Some interesting comments on the FCC inquiry

Here are some of the jewels among the comments submitted to the FCC on Save the Internet’s hilariously silly petition opposing sensible network management practices.

Brett Glass, the operator of a wireless ISP in Wyoming, points out that Saving the Internet would put him out of business and his customers off the net.

Rob Atkinson of the Information Technology and Innovation Foundation explains a bit about networking in general and DOCSIS in particular.

Comcast slams its clueless critics in a forceful and detailed response.

Competitive Enterprise Institute advocates market solutions.

Jerry Brito of the Mercatus Center reminds the Commission of the framework around new rules.
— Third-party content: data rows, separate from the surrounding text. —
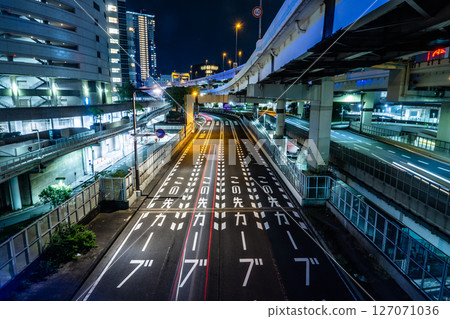 Image of a city road at night 127071036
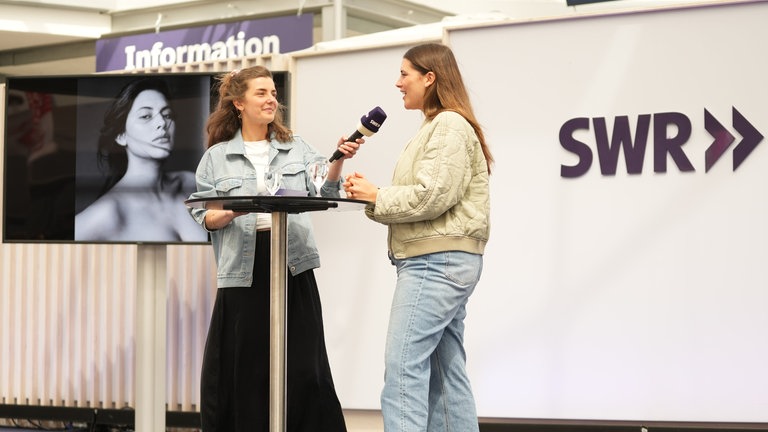 Céline Denefleh ist Plus Size Model und spricht auf dem Maimarkt in Mannheim über ihren Job und ihren erfolgreichen Instagram-Account.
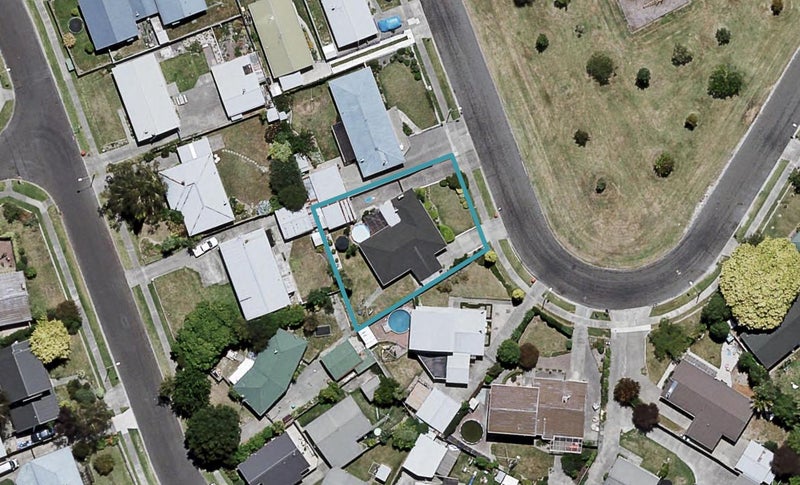 21 Lichfield Crescent, Tamatea, Napier - Carousel 1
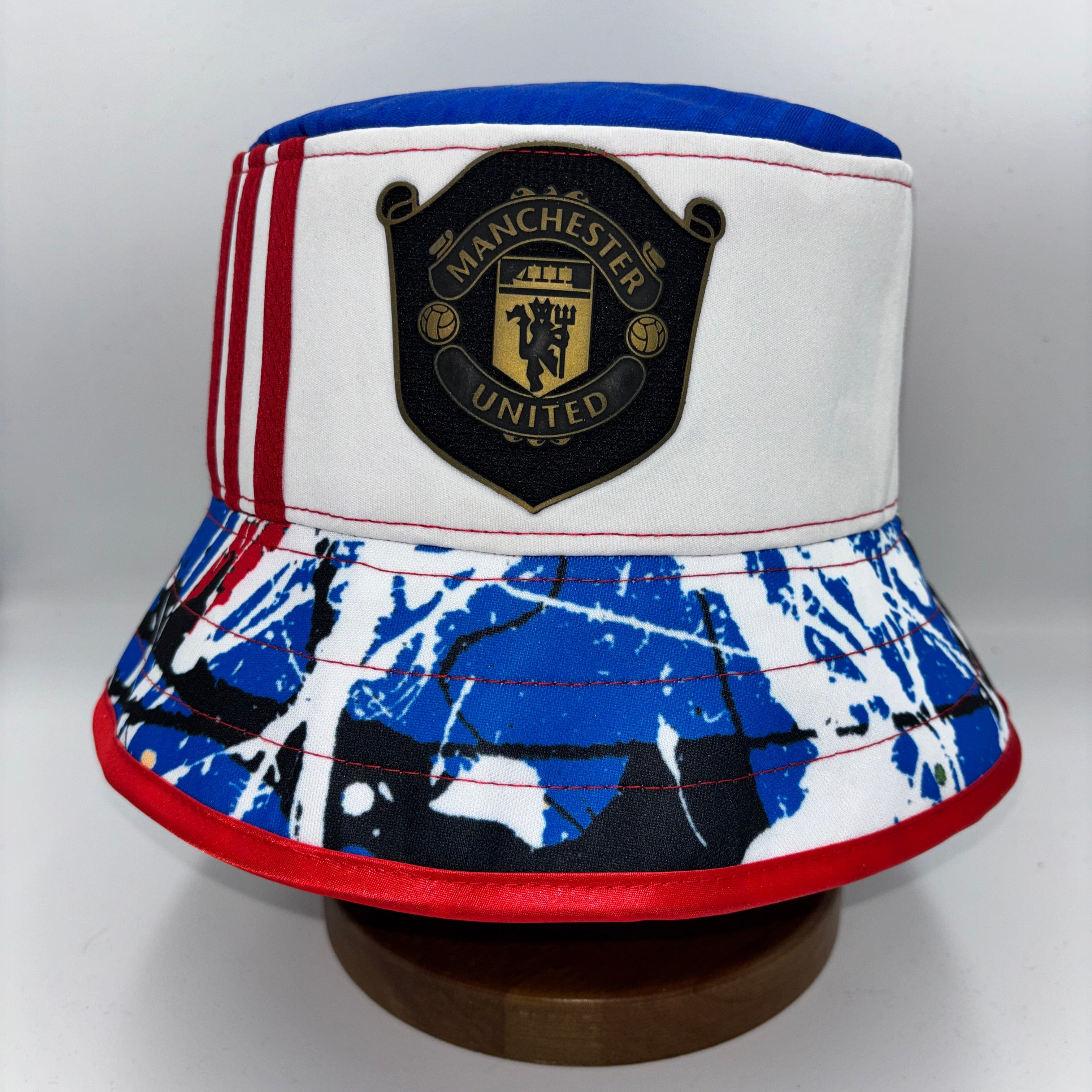 Manchester United bucket hat (adult 62-63 cm) - handmade from replica kits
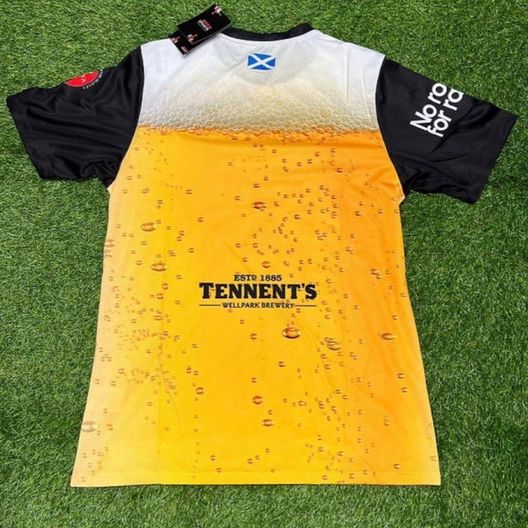 Scozia, la maglia da gioco…è una birra: il nuovo kit del Leith Victoria…..- immagine 2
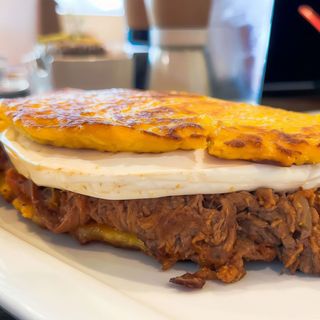 Cachapa de Queso Mano y Mechada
AT&T comments in support of rationality:

Some net neutrality proponents urge the Commission to preserve what they view as “the fundamental idea on the Internet since its inception . . . that every Web site, every feature, and every service should be treated exactly the same.” But this “dumb pipes” vision of the Internet is irresponsible nonsense. Some real-time Internet applications—such as video, voice, and telemedicine—have a much greater need for high service quality than other applications, such as ordinary e-mail. The Internet’s constituent networks can satisfy consumer needs only by treating such applications differently.

Verizon lays out the dollars and options:

Investing nearly $23 billion, Verizon has led the charge in fiber deployment and now makes its fiber-to-the-premises network (FiOS) available to 6.8 million homes and businesses, with plans to pass 18 million homes and businesses with FiOS by the end of 2010. Verizon’s investments are prompting competitors – such as the cable companies and other broadband providers – to respond, which has benefited consumers with lower prices and increased speed and quality. Competitive alternatives include 3G mobile wireless, fixed wireless/WiMAX, WiFi, broadband over powerline, and satellite. Verizon Wireless’s 3G technology, for example, now reaches 242 major United States cities with a total population of more than 200 million people.

George Ou gets down with the technical issues, and illustrates the key point.

Hands off the Internet joins the fray.

Progress and Freedom manages the demand glut.

Save the Internet isn’t wearing any clothes.